I'm reading a CSV file that logs some transactions, like this:
l = [("Garfield", "Lasagna", "2021-08-01"),
("Calvin", "Tiger Plushie", "2021-08-02"),
("Calvin", "Lasagna", "2021-08-03")]
transactions = spark.createDataFrame(l, ["name", "product", "date"])
transactions.show()
+--------+-------------+----------+
| name| product| date|
+--------+-------------+----------+
|Garfield| Lasagna|2021-08-01|
| Calvin|Tiger Plushie|2021-08-02|
| Calvin| Lasagna|2021-08-03|
+--------+-------------+----------+
I want to store these values in a SQL database, in a star schema, with tables created like this:
CREATE TABLE [dbo].[test_customer]
(
[id] INT IDENTITY PRIMARY KEY, -- Primary Key column
[name] VARCHAR(50) NOT NULL
);
CREATE TABLE [dbo].[test_product]
(
[id] INT IDENTITY PRIMARY KEY, -- Primary Key column
[product] VARCHAR(50) NOT NULL
);
CREATE TABLE [dbo].[test_transaction]
(
[id] INT IDENTITY PRIMARY KEY, -- Primary Key column
[fk_customer] INT NOT NULL,
[fk_product] INT NOT NULL,
[date] DATE
);
I can write to my database the customers and products info with:
JDBCURL = "jdbc:sqlserver://{}:1433;database={};user={};password={}"

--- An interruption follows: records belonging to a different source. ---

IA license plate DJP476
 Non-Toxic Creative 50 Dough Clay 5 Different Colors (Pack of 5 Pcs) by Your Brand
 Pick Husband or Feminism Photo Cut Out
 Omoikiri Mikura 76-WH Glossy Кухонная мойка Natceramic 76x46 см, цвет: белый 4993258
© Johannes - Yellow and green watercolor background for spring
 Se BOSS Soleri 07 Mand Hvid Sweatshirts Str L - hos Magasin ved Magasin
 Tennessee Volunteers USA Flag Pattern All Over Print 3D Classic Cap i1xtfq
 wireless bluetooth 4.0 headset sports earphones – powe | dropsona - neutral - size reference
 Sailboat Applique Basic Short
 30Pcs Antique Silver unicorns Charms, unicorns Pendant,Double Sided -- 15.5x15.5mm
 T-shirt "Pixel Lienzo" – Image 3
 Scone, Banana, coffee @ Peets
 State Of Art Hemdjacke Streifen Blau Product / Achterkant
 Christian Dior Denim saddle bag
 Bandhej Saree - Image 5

customers = transactions.select("name").drop_duplicates()
customers.write.jdbc(JDBCURL, table="dbo.test_customer", mode="append")
products = transactions.select("product").drop_duplicates()
products.write.jdbc(JDBCURL, table="dbo.test_product", mode="append")
But if I want to store the transaction details, I need to fetch the data from my database, and join it to my in-memory dataframe:
sql_customers = sqlContext.read.format("jdbc").options(url=JDBCURL, dbtable="dbo.test_customer").load()
sql_products = sqlContext.read.format("jdbc").options(url=JDBCURL, dbtable="dbo.test_product").load()
transactions_to_sql = (transactions.join(sql_customers, on="name")
.drop("name")
.withColumnRenamed("id", "fk_customer")
.join(sql_products, on="product")
.drop("product")
.withColumnRenamed("id", "fk_product")
)
transactions_to_sql.write.jdbc(JDBCURL, table="dbo.test_transaction", mode="append")
Which doesn't sound very efficient if (when) I have millions of customers and millions of products.
How can I handle auto-generated identifiers for my customers and products, and foreign keys between my tables?